Metadata and other advanced preparation techniques may not be required to make government information available for public search, according to feedback the General Services Administration received from a request for information it posted earlier this year.
The results show a majority of search experts discounting the necessity of metadata. Approximately 56 percent of respondents saw no need for preparing material for search engines, at least for general material, while another 44 percent saw the necessity for preparing documents before they are posted for public consumption, either by adding tags identifying their context, creating controlled vocabularies for classification or by manually cataloging items.
In September, the GSA's Office of Governmentwide Policy, along with the Office of Management and Budget, issued an RFI asking about 'efficient and effective information retrieval and sharing.' The Efficient and Effective Information Retrieval and Sharing RFI queried whether it is necessary to add metadata tags on government documents, or if commercial search engine software is sufficiently intuitive to provide coherent results without external contextual data.
Of the 47 responses to the survey, about 56 percent 'favored the use of search technologies over other solutions requiring human investment in the advance preparation of content,' according to an analysis of the results that will be posted today on the CIO Council Web site.
'Search technology has progressed far enough so that manual categorization and metadata tagging of textural documents is no longer necessary and any perceived gain in accessibility does not justify the cost of categorization,' commented the Energy Department's Office of Scientific and Technical Information, which hosts the Science.gov search service.
Not everyone agreed with this assessment, however. Approximately 14 percent of recipients stressed the need for performing 'significant advance preparation of content,' while another 30 percent favored 'some advance preparation.'
'For either information or records to be trustworthy, they must have additional information either embedded within the content itself or information associated with the content that can provide some degree of assurance of authenticity, reliability and integrity, now and in the future,' the National Archives responded.
The report conceded that the noninterventionist approach would be most appropriate to Web sites, e-mail, and other forms of unstructured and semistructured content. Other materials could benefit from advanced classification techniques. Highly technical subject matter could be better located with the aid of manually generated controlled vocabularies, as would databases material, classified information and multimedia assets such as video and audio files.
The survey has also found that only 13 percent of vendors or government agencies support the Government Information Locator System. GILS is based on the ISO 23950 search interoperability standard. Forty-two of the responses came from industry.
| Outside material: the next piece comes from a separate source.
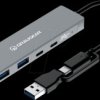 G-HUB2C2A-10G USB 3.1 4-port hub, 2x A, 2x C, USB-C connection cable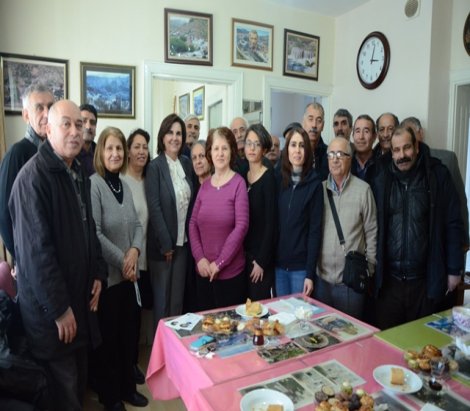 Usluer'den Dersimliler Derneği ziyareti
Three government agencies and two academics responded as well.
'One can conclude from this study and other available literature including The Search [a book about Google written by John Battelle] that, with respect to disseminating [f]ederal information to the public at large, publishing directly to the Internet all agency information intended for public use and thereby exposing it to freely available or other search functions is the most cost-beneficial way to enable the efficient and effective retrieval and sharing of government information,' the report concluded.